One of the parties filed a petition to set aside the award, which was denied at two instances. The petitioner filed a cassation appeal with the Supreme Court of Poland, on several grounds, but the cassation appeal was denied on all grounds.
The Supreme Court held that because the arbitration was commenced prior to the effective date of the Polish Civil Procedure Code but did not conclude in issuance of an award until after the effective date of the Polish Civil Procedure Code, the arbitration proceeding was governed by the former Austrian Civil Procedure Code.
The arbitration court refused to remove one of the arbitrators on the grounds of lack of impartiality. The arbitrator was the vice president of the Lwów Merchants Association, of which the claimant’s brother was the secretary. The Supreme Court held that the decision on this motion lay within the discretion of the arbitration court and could not be reviewed by the state court.
The petitioner alleged that the claimant had failed to submit the original arbitration agreement to the arbitration court. The Supreme Court held that this did not invalidate the award, because an arbitration agreement did in fact exist.
The Supreme Court held that the arbitration court’s refusal to permit the petitioner to take the testimony of the claimant was an unreviewable procedural decision.
The Supreme Court held that the arbitration court’s failure to provide a justification for the award was not grounds for setting aside the award.

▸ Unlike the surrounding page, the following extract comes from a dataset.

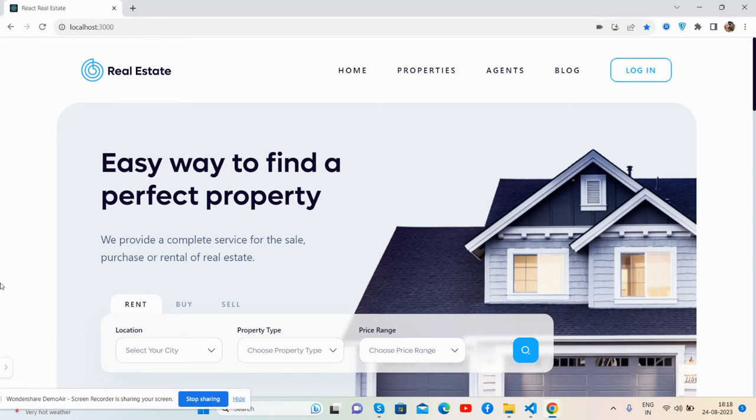Hello guys, how are you? Welcome back to my channel. In this working video, I'm going to show you a beautiful real estate template in React.js latest version, totally free and fully responsive.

Excerpts from the text of the court’s ruling:
1. From the perspective of Austrian civil procedure regulations, failure to submit the original arbitration clause to the arbitration court does not justify ineffectiveness of the arbitration award, as this result follows under § 595(1) of the [former Austrian] Civil Procedure Code only from lack of an arbitration clause.
2. The state court is not a higher instance with respect to the arbitration court, and thus determinations made by the arbitration court within its discretion may not be appealed against.
3. The lack of justification of an arbitration award is not included in § 595 of the [former Austrian] Civil Procedure Code as grounds for ineffectiveness of the arbitration award.